**WHAT IS NEEDED**:
Exactly the lines from the line that has "Saugatuck Michigan - Frauen" through the final line below are to be retyped, and the pictures are not.

**RECORDED INFORMATION**:

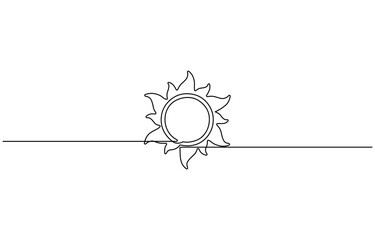 Fototapete - Continuous line sun summer art one sunshine outline icon single light. Travel sun doodle hand abstract line sketch weather logo, Summer travel or vacation on the sea and ocean concept.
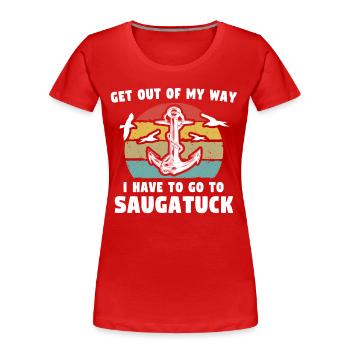 Saugatuck Michigan - Frauen Premium Bio T-Shirt - Rot - Vorne - Mia (176cm)
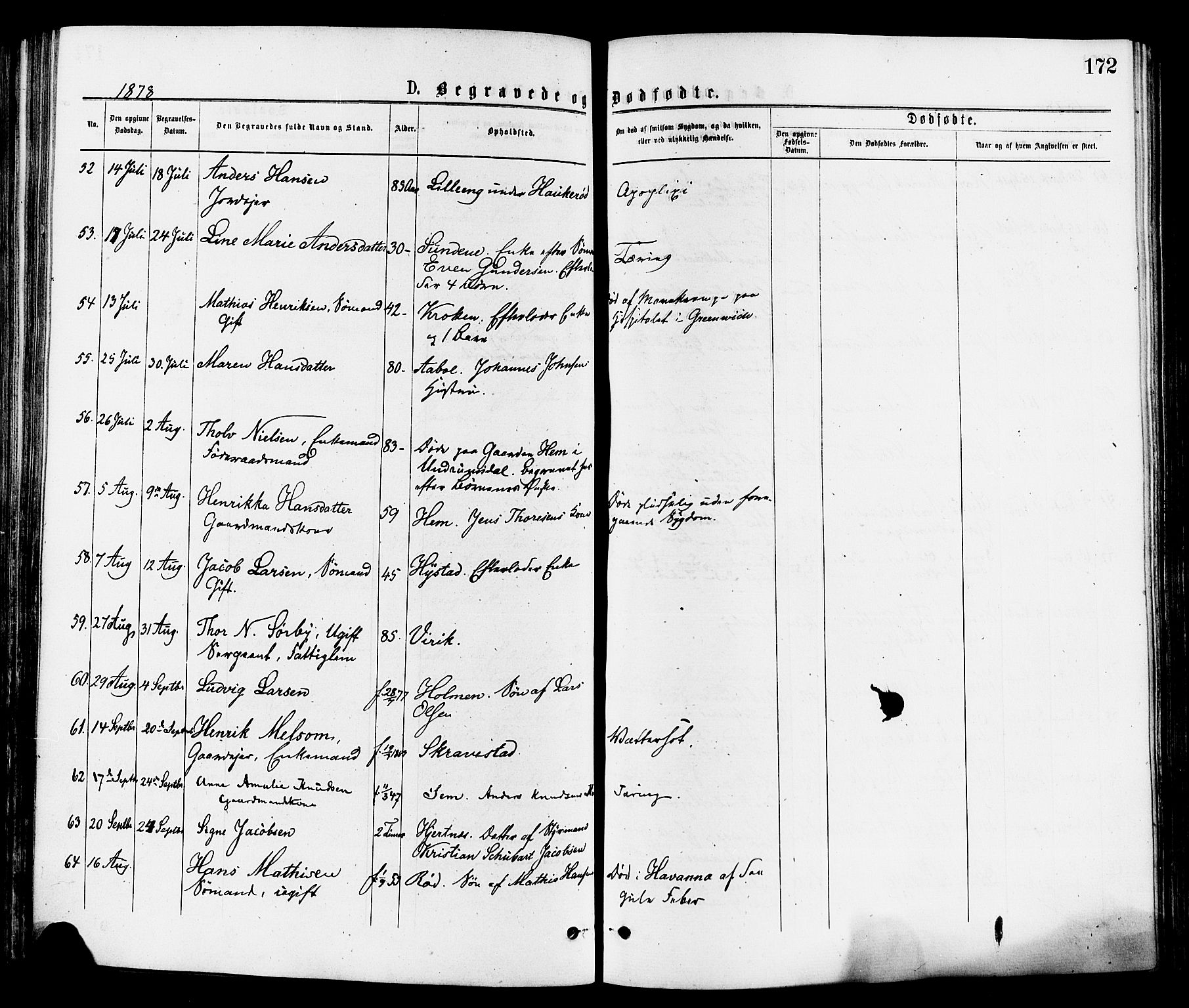 Sandar kirkebøker, SAKO/A-243/F/Fa/L0011: Parish register (official) no. 11, 1872-1882, p. 172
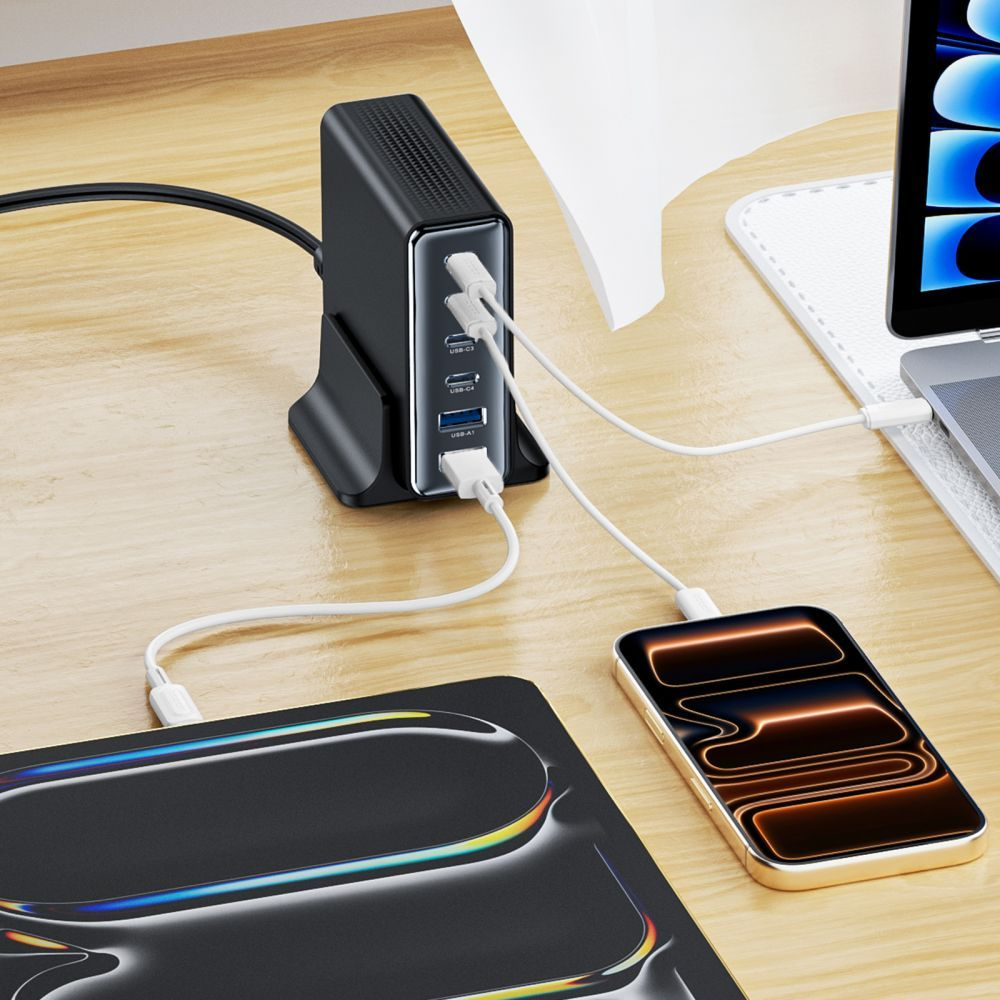 Caricabatterie Stazione Tech-Protect DC160W-GAN, 160W, 5A, 2 x USB-A - 4 x USB-C, Nero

**EXERCISE SOLUTION**:
 Saugatuck Michigan - Frauen Premium Bio T-Shirt - Rot - Vorne - Mia (176cm)
 Sandar kirkebøker, SAKO/A-243/F/Fa/L0011: Parish register (official) no. 11, 1872-1882, p. 172
 Caricabatterie Stazione Tech-Protect DC160W-GAN, 160W, 5A, 2 x USB-A - 4 x USB-C, Nero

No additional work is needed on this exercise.